Cette petite fille, c'est Françoise Marette, "Vava" pour les intimes, et elle deviendra Françoise Dolto, la psychanalyste qui a changé le regard que nous portons sur l'enfance. Comme beaucoup d'enfants nés peu avant le conflit, Françoise vit la guerre de loin, repliée à Deauville en compagnie de ses frères et soeur et de leur gouvernante. À six ans, déjà épistolière de talent, elle multiplie les missives à tous les membres de sa famille.
Ainsi, dit Manon Pignot, historienne de l'enfance, dans sa délicate analyse, 'la guerre a fourni à cette petite fille incroyablement curieuse un contexte inattendu d'expression et d'intelligibilité du monde' qui est à l'origine de sa vision révolutionnaire de l'enfance. L'implication de l'enfant s'intensifie quand elle entretient avec Pierre Demmler, son oncle de vingt huit ans, une intense correspondance et se considère, encouragée par la famille, comme la fiancée et la future épouse du jeune capitaine.

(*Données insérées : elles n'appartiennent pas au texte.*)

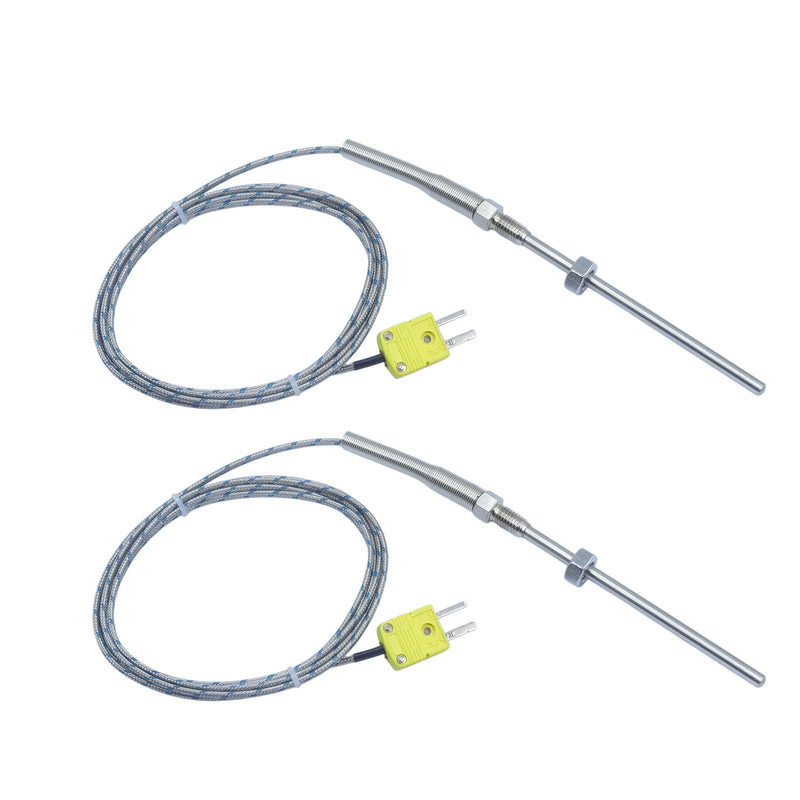 [Australia - AusPower] - 2 Packs tce-k05h5-100 K-Type thermocouple Probe M8 Screw Temperature Range 77°F to 1472°F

La mort au front, le 10 juillet 1916, de Pierre Demmler, fait de la jeune promise "une veuve de guerre à sept ans".
Yann Potin, en historien et analyste des archives familiales, ouvre pour nous enveloppes et albums conservés par Françoise et la famille, interroge "la manière dont le deuil se cristallise, se fixe sur le papier, par les images, mais aussi se transmet malgré nous, par le truchement de la vie matérielle propre d'autant de petits reliquaires affectifs".
Ainsi, l'expérience enfantine de la Grande Guerre a vraisemblablement nourri la pensée révolutionnaire de Françoise Dolto psychanalyste quand il s'est agi, plus tard, de soigner des enfants.